正社員雇用形態で、フリーランスのように複数の企業の開発現場に参画する働き方を提供し、フリーランスの魅力を知ってほしいそうです。

「若手エンジニアがInfreedで経験を積んだ後は、完全にフリーランスとして独立したり、私と同じように起業したり、はたまた全く別のことをしたり…、何に挑戦してもいいと思っています。あくまで働き方のひとつの選択肢として、フリーランスを提案してあげたいんですよ。さらにもっと気軽にフリーランスを選べるようにしたいというのもひとつの目標です。」

Yさんは今後のビジョンについて「働き方を広めることをミッションとする者として、自分自身も色々な働き方にトライしていかないといけない」と語っていました。まずは自分で試してみるために、行動をおこすようです。

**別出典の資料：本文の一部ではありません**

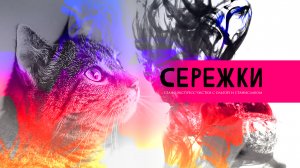 Сережки | Экспресс чистка | Чистка животных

若くしてフリーランスとして独立したYさん。現在のように目標だった起業を果たすまでには、厳しい環境でも覚悟を持って臨んできた過去がありました。Yさんのように、どんな状況でも目標をブラさずに技術を磨き続けることは、フリーランスエンジニアには大切な姿勢なのかもしれません。

私流フリーランスエンジニア3つの教訓

今回Yさんのインタビューから3つの教訓を得ることができました。

■仕事を受注し続けるには、状況に応じて案件の希望条件を変更する
「どんな案件でどんなスキルを磨いていきたいか」と、自分の希望条件を明確にすることは大切です。しかし、フリーランスは仕事が受注できなければ、収入源を失ってしまいます。「希望する案件が市場で少ない」「現在の実力を遥かに超えるスキルを要求される」など、外的な要因も踏まえて総合的に状況を判断し、希望条件を緩和することで、仕事を継続的に受注することが出来ます。
■ 自分の技術を生かせる環境はないか、広い視点を持つ
ひとつの職場しか経験がない、そもそもエンジニアとしての経験が少ない、という状況にあるとき、自分の市場価値を独断で正確に測ることは難しく、過小評価をしてしまうことがあります。その結果、自分とはミスマッチな職場環境であっても執着をしてしまう人は少なくありません。自分の経験だけで情報が足りない場合は、意識的に広い視点を持つことが大切で。一歩足を踏み出すことで、自分にとって心地よい働き方が手に入るかもしれません。
■ 忙しいフリーランスは朝の過ごし方が重要
Yさんは受注している開発案件と創業準備を同時に進める忙しい日々を過ごしていました。さらにご家族との時間も大切に考えています。そうした生活において“朝の過ごし方”が大変重要だそうです。夜に作業をしてしまうと、次の日に疲れが残りモチベーションが上がりづらいですが、朝に作業すると集中しやすく、だらだらと時間が経ってしまうことも少ないため効率がいいようです。